It's a good idea to inspect your bowstrings when you get your bow out for the season, whether that be hunting or target shooting. Here are some warning signs to watch for that will let you know when it’s time to get those bow strings and cables replaced. This applies to:
- Compound Bow Strings.
- Crossbow Strings.
- Crossbows are usually tougher on bow strings and cables, but this will serve as a good guide.
- Recurve and Longbow Strings.
Upon your first bow string inspection, watch for fuzzing on the bow string or cables. Light fuzzing is nothing to get overly concerned about, as this is normal wear. As time goes on, the fuzzing may get worse and is the most common sign that it’s time to start thinking about some new bow strings. Watch for this in wear areas, such as:
- Where the cables pass through the cable slide.
- Below the center serving where a lot of archers will rub the bow string with their arm.
One of the most important checks for bow string inspection is to always keep a close eye for broken strands. Many times, broken strands will happen under the center serving where the arrow nocks. The constant on/off from nocks will break this down over time and you usually have no idea, since it is covered with serving.

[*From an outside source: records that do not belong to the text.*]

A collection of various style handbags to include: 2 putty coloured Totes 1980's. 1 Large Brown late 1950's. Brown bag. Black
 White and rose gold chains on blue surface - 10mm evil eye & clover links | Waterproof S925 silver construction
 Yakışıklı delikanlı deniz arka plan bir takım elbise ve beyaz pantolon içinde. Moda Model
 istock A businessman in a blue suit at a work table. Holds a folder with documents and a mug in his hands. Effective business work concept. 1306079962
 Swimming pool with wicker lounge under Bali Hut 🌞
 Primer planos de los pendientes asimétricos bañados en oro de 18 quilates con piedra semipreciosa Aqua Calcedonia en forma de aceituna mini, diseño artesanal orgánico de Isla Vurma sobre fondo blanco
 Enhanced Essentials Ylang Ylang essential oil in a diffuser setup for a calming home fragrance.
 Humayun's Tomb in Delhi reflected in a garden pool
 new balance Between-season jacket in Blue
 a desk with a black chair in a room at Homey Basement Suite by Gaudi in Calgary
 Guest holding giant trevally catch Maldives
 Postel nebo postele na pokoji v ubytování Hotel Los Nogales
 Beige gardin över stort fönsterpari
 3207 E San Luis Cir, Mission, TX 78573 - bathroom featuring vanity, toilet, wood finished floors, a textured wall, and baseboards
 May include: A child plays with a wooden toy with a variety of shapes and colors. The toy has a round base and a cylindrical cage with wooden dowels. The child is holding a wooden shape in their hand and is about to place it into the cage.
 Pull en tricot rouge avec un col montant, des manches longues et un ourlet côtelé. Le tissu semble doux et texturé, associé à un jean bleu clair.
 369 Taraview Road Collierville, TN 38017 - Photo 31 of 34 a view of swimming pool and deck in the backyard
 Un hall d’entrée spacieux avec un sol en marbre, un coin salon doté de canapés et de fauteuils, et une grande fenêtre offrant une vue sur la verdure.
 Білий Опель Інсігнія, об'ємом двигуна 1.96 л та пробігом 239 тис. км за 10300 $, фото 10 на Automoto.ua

The wear areas mentioned above are spots to watch as well. Any time you find a broken strand, you want to stop shooting. A broken strand in a bow string or cable can be an extremely dangerous thing and cause catastrophic damage. If a bow string or cable breaks, it can not only launch an arrow in any direction, but it can cause serious damage to you or your bow.
If you notice that your peep sight has started to twist when drawing your bow back, then your bow string has more than likely stretched. When the bow string stretched, it threw off the twist rate of the bow string and is causing the rotation. Many times, the servings on the bow string or cable will start to separate as a result of stretch. As they stretch, the serving slides at the same time causing the gaps.
Loss in Performance
Another warning sign, but one that a bow string inspection might not immediately find, is if you’ve noticed a loss in performance from your bow. Your bow used to feel powerful and really zip the arrows down range. It seemed to really bury the arrows into the target but now they seem to only be going in half as far. You check your poundage, and your 70 pound bow is now only pulling 64 pounds. After checking your axle-to-axle measurement, you realize that it is now 3/8” out of spec. How in the world did this happen? Once again, this is a result of a bow string and cables that have stretched over time but may not show the obvious warning signs listed above.